Ask HN: No reply to job application. What should I do? - mingpan

Hi HN. I'd like your advice please.<p>I recently graduated and am currently looking for a job. There's a certain large software corporation I would be interested in working for. I applied through their recruiting website, and additionally, a friend of mine handed my resume to a company recruiter. I got an automated "We got your stuff. Thanks." email a few weeks ago, but I have not heard back from them since. Is there a polite way to inquire about the status of my application? I am fairly interested in this company, and I would really like to hear an answer one way or the other.
======
sheraz
Skip the line. I'm always amazed what can happen with a witty an well-timed
email to the right person.

I suggest google stalking some people and make a linkedin account immediately.

Once you find your people, send them a direct and brief email outlining what
you want and how they can help you.

I landed a few really good gigs doing just this.

------
atsaloli
The one place you don't want to be is the Waiting Place:

The Waiting Place…

…for people just waiting.

Waiting for a train to go

or a bus to come,

or a plane to go

or the mail to come,

or the rain to go

or the phone to ring,

or the snow to snow

or waiting around for a Yes or a No

or waiting for their hair to grow.

Everyone is just waiting.

Waiting for the fish to bite

or waiting for wind to fly a kite

or waiting around for Friday night

or waiting, perhaps, for their Uncle Jake

or a pot to boil,

or a Better Break

or a sting of pearls,

or a pair of pants

or a wig with curls,

or Another Chance.

Everyone is just waiting.

NO! That’s not for you!

Somehow you’ll escape all that waiting and staying.

You’ll find the bright places

where Boom Bands are playing.

\--Dr. Seuss

Take action!!

------
helen842000
You could call them and ask for an update on your job. Ask if they've sent all
the CVs, has there been feedback from the hiring manager & have any interviews
been scheduled.

Or you could always be cheeky and find out the name of the recruiter
responsible for your job and call them up all flustered and say "oh hey can
you put me through to such&such I'm just returning a call"

I worked in this industry a while back and I guarantee they call so many
people per day it's hard to know who you have called. Plus if they think they
called you first then they're more likely to give you the time of day.

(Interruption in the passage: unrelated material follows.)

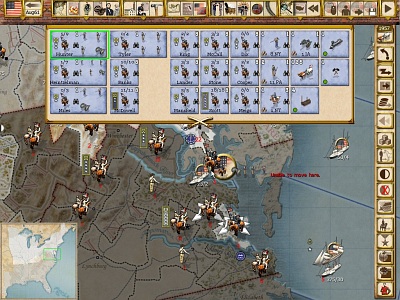 Screen Gary Grigsbys War Between the States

Unfortunately the hard bit of the job search isn't filling in all the forms
it's navigating the recruiters, where your resume can get accidentally deleted
at the press of a button.

With a bit of persistence you'll get there. Good luck!

------
damian2000
I'm sure you can inquire about the status of your application but keep in mind
that companies can often take a long time to process it (several weeks or
months even). The best companies will get back to you and let you know one way
or another.

------
andymoe
They usually move pretty slowly. Like a few months... I'd keep applying
elsewhere.

------
tectonic
Are you only interested in this one company?